Mi chiamo Doris Mamitiana, ho 37 anni, sono nata il 9 Ottobre 1984 in Madagascar. Vivo a Milano, sono sposata con un italiano di nome Marco e ho un bellissimo bambino che si chiama Rayane. In questa breve presentazione descriverò i motivi per cui ho deciso di rendermi disponibile per una nuova avventura elettorale al fianco di Beppe Sala con la lista Milano in Salute. Mi sono laureata in Madagascar in economia, più precisamente in Gestione d’impresa, titolo che mi è stato riconosciuto anche in Italia.

Nel mio paese di origine ho avuto diverse esperienze lavorative nel settore del turismo e successivamente come responsabile commerciale nel settore telecomunicazioni, in Francia dove ho soggiornato prima di arrivare in Italia, ho lavorato presso una banca sempre nel ambito di comunicazione. In Italia ho lavorato per agenzie di ricerca di mercato, per la grande distribuzione e attualmente come Operatorio Socio Sanitario presso un ospedale privato.

Aiuto il mio paese attraverso mia sorella che è stata eletta nel 2019 al parlamento per sostenere progetti piccoli, rendere potabile l’acqua dei villaggi, diffondere la scolarizzazione e aiutare le famiglie bisognose nelle necessità primarie.

Sono in contatto con un associazione di Milano, IAD Bambini Ancora, che si occupa di tutelare l’infanzia sotto tutti i suoi aspetti, dalle violenze al sostegno economico. Il mio impegno non è solo un dovere verso la cittadinanza Italiana che mi è stata riconosciuta, ma è anche il principio fondamentale della mia vita. Ho dovuto sempre lottare per ottenere credibilità ed ascolto e tenacemente mi impegno per arrivare agli obbiettivi prefissati

Le mie esperienze mi hanno portato ad essere molto sensibile alle problematiche delle minoranze e di tutti coloro che combattono per una vita dignitosa. Lavoro come Oss (Operatore Socio Sanitario) ed ho vissuto l’esperienza dell’assistenza ai malati di Covid e dei miei colleghi che si sono adoperati senza sosta nel loro lavoro.

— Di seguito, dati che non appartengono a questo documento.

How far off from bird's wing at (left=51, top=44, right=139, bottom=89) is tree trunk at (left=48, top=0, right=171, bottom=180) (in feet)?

Ho toccato con mano le carenze che purtroppo esistono nel settore e che vorrei contribuire a sanare per migliorare il sistema sia verso i malati che verso il personale. Quindi ascoltare, migliorare la qualità ospedaliera e dare più visibilità al lavoro del personale sanitario è una delle mie priorità.

Prendermi cura, assistere, ascoltare e accompagnare i pazienti al raggiungimento del loro benessere fisico ed emotivo è il mio lavoro che mi da grande soddisfazione. Il loro sorriso è la conferma del mio buon operato. Con il mio bagaglio “extracomunitario” sono certa di rendermi credibile e punto di ascolto per tutti coloro che arrivando da un altro paese si sono integrati in questa Nazione. Impegnarmi per i cittadini del paese che mi ha accolto per costruire benessere, per ottenere migliori condizioni lavorative e di vita sostenibile è la mia priorità adoperandomi anche per essere tramite tra le varie comunità.